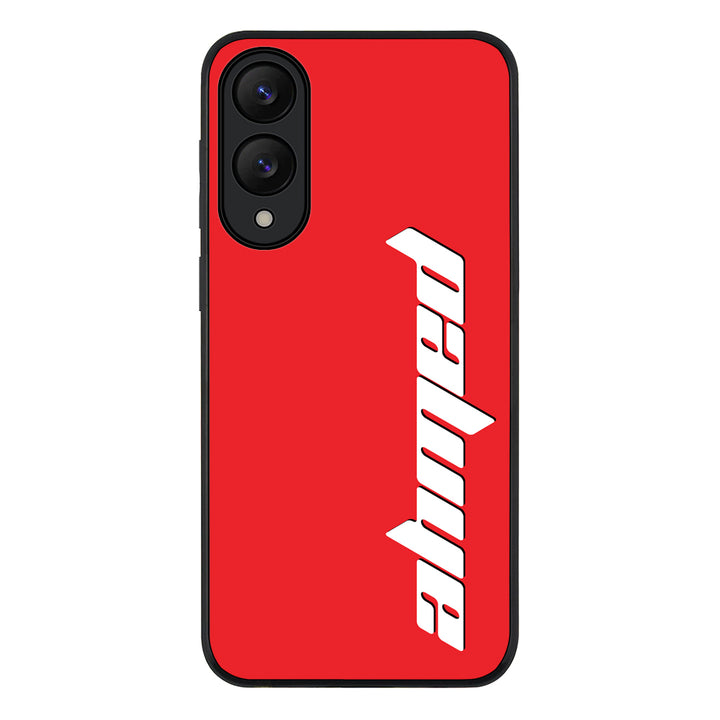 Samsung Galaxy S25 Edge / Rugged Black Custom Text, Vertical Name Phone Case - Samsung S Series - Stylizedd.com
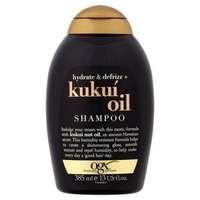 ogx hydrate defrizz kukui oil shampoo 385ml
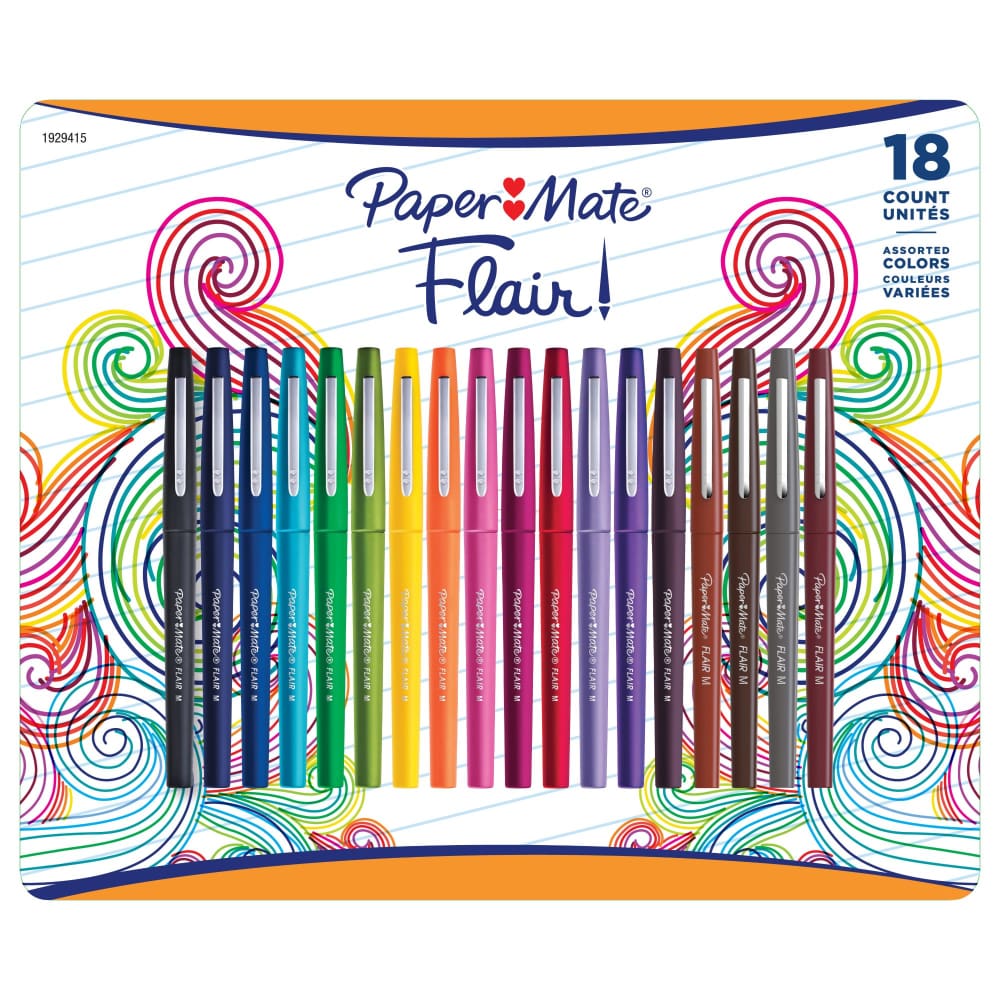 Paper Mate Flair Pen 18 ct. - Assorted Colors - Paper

* * *

## PROMPT
The expected output is the lines from the line that contains "ogx hydrate defrizz kukui oil shampoo 385ml" through the last line of the material, reproduced exactly, with both ends present and pictures absent.

## TASK SOLUTION
 ogx hydrate defrizz kukui oil shampoo 385ml
 Paper Mate Flair Pen 18 ct. - Assorted Colors - Paper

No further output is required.